Key to accelerating the typical; three-week build process was co-ordination, says team tachnical director Tomoki ‘Taka’ Takahashi.

“Normally when we’re putting the car together, we have one cockpit person, one front-end person, but this time, we had people piling in on top of each other around this carbon box that needs everything thrown on it — there are more people assigned to it.”

However, it wasn’t simply a case of throwing every team member possible at the car. In contrast to the No12 car, thew week has been going relatively smoothly for No38 car of Jenson Button, Phil Hanson and Oliver Rasmussen. Jota didn’t want to jeopardise that car’s chances in the scramble to prepare the No12.

“We’ve kept the car crews separate,” says Taka. “You have your car crews and we have some in the middle. There’s that balancing act of whether the people in the middle stay up all night or don’t. Realistically our focus should have been on the No38 — it’s still running, so the balancing act is how much should I look after the 38 and how much the 12?”

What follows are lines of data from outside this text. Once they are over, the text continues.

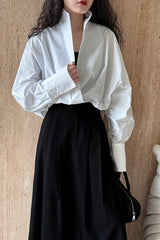 Structured Oversized Lapel V Neck White Blouse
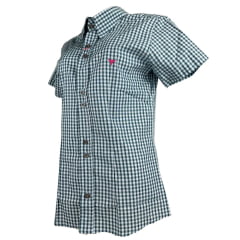 Camisa Feminina Laço Forte Xadrez Verde/Azul Claro Manga Curta Com Logo Rosa Ref: 3107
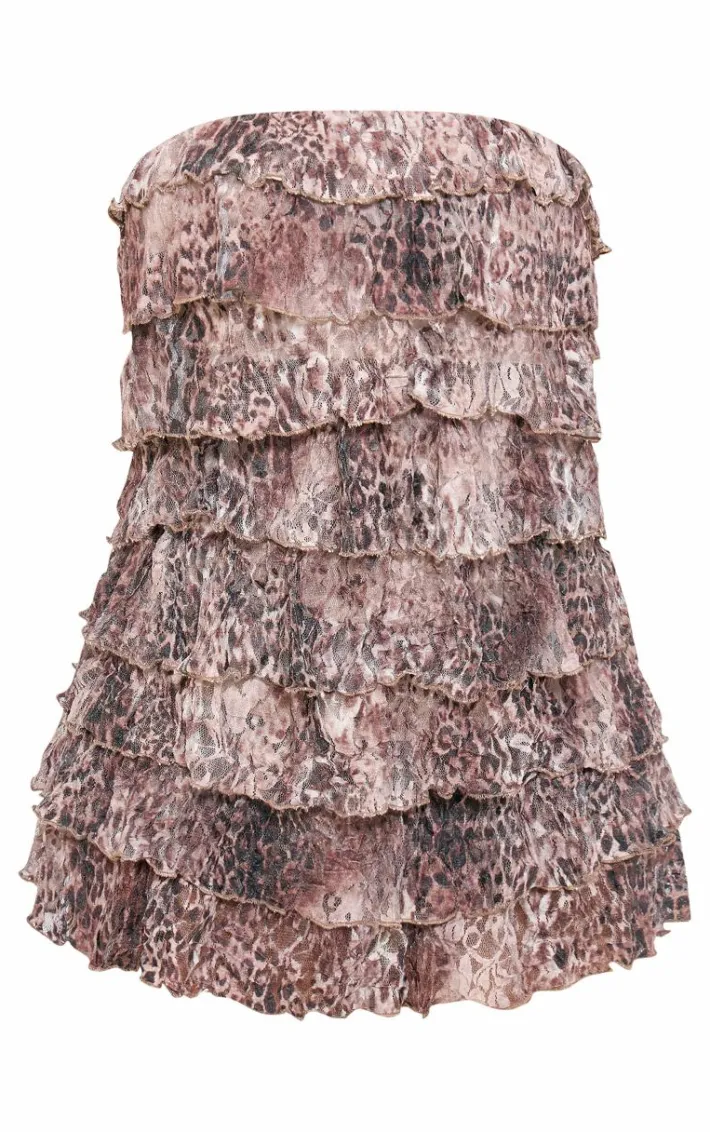 Leopard Print Textured Lace Frilly Bandeau Romper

The round-the-clock build effort was complete on Friday afternoon, but the question still remained of whether the car would run properly; had the car been pieced together flawlessly through hazy, tired eyes?

At 8.22pm the answer came: the laptops were unplugged from the car; it was lowered onto the airport asphalt; the rear lights flickered on and Ilott was on the move. A rooster tail of spray erupted from the rear as he sped down the runway and a line of mechanics, phones held high, captured the proud moment.

Jota team surround Le Mans car at airport shakedown

There was a lot of laptop action ahead of the run

Jota No12 car at Le Mans airport shakedown in 2024

Jota had a 40min slot in a gap between air traffic


“In ten years time when you tell this story, people will say, ‘Yeah right, whatever’,” said Taka. “As much as it’s painful , it will be a good memory.”

Ilott reported some minor issues with power delivery and brakes, but the team looked happy by 9pm  when, with more air traffic imminent, the mechanics packed up to head back to the circuit — and a full night’s sleep.

It’s kind of a first for me that I’ve put at risk [starting] an event,” said Ilott, who has raced in IndyCar and served as Alfa Romeo’s reserve F1 driver. “I felt extremely bad. Once once we knew that it was going to be repaired, and we had time, I was able to calm down — I still feel bad, obviously, but not in the negative way that I was. I said sorry to everyone. I was going in and out of the garage. You can’t you can’t hide your face at that point. I made a mistake — we all do.

“The team is incredible — they work so hard. I think a couple of the guys are doing everything by memory. It’s a lot of work for them. The way the team they are together is something I haven’t seen before: we’ve got some incredible characters in this team.

“Most people would be super-negative about what had happened and they were very quickly very positive. They thrive on it, which surprises a lot of people.

“A lot of them were like when we win, this will only be sweeter.”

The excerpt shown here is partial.